Today’s buyers are more empowered than ever before. Contrary to the passive role played by the buyers of yesteryears, buyers today play an active role in the buying process, completing two-thirds of their buying journey before interacting with a sales prospect.
Lead nurturing enables you to create relationships with your prospects throughout their journey and helps you to build trust with them.
It is important to realize that not every prospect of yours would be at the same stage of the buying process. Additionally, not every customer engages with you at the same stage. Hence, it becomes imperative to break the buying journey into different parts and plan separate lead nurturing campaigns for each.
Here are some of the types of lead nurturing campaigns which you can plan for your prospects:
Welcome campaign
Welcome campaigns are used when new prospects interact with your business for the first time by downloading your content or engaging with your online campaigns. Since these prospects have just started to interact with your business, they should be treated differently than the ones that have been with you for weeks or months.
You should start providing them with light educational content to build awareness and engagement with them. Over them, as the interaction with your content increases, you should introduce your prospects to your company, product, or service.
Re-engagement campaign
Welcome campaigns are used in scenarios when your leads have become inactive at some point during the sales process. This enables you to maximize the number of opportunities from your existing leads. The goal should be to re-engage with your leads until they become sales-ready.
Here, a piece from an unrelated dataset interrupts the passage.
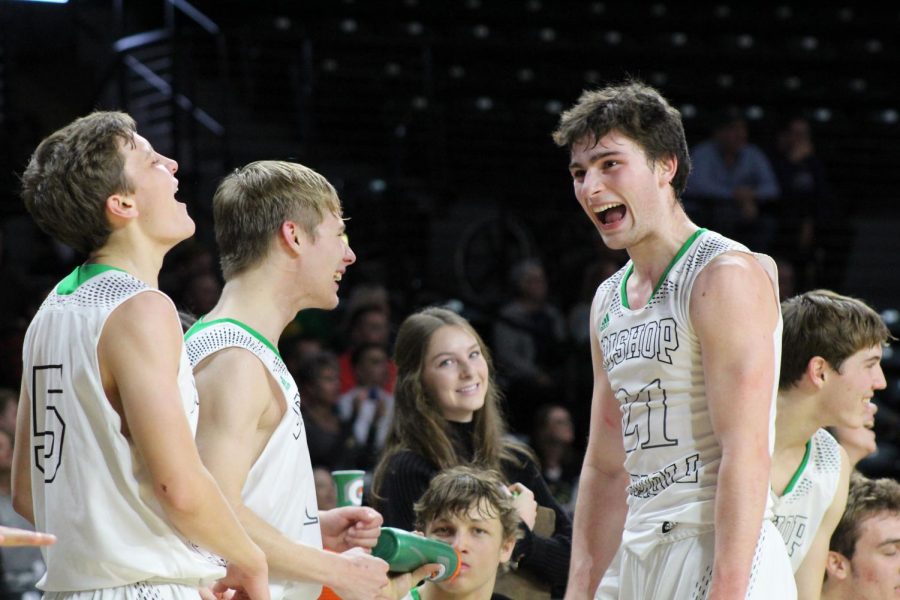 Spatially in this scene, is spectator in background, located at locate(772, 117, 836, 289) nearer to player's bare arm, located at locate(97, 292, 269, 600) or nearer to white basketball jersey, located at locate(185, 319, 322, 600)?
white basketball jersey, located at locate(185, 319, 322, 600)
Since these leads have already interacted with your company, they need much more personalized attention. Hence, your emails to these leads should seem personal and re-engaging.
You should try sending a new whitepaper, a successful case study, or a helpful blog post to these prospects to re-engage them and re-enter them in the conversion process.
Product-focused campaign
Product-focused campaigns are used when your prospects have crossed the initial stage of the buying process and are now seeking product-focused content to identify which product can address their pain points.
Here, you should focus on your prospects’ pain points and how the key features and benefits of your product/service can enable you to address those pain points. For this, you should use case studies, customer testimonials, data sheets, free trials, and long-form content like webinars, whitepapers, and eBooks.
Industry expertise campaign
As your prospects move closer to the decision stage, it becomes necessary to reinforce that your company is the right choice. At this stage, they are looking for trust factors to make the right decision.
Hence, at this stage, you should send case studies, customer testimonials, industry reports, certifications, etc., to your prospects to build trust and credibility with them.
Post-sale campaign
Once your prospect engages in a transaction with you, you have developed that sense of trust and credibility with them. However, you must continuously engage with them to reinforce that credibility and find cross-selling and up-selling opportunities.
For this, you should continuously send them helpful blog posts, new research, company updates, thought leadership content, etc.
Conclusion
As we have seen, lead nurturing helps you to build relationships with your prospects at all stages of their buying process. The old batch and blast email model is in the distant past – you should look for ways to engage with your buyers with personal and relevant communication.
This will help you to build trust and credibility with your buyers, re-engage with them, close the deal and ultimately develop a long-term relationship.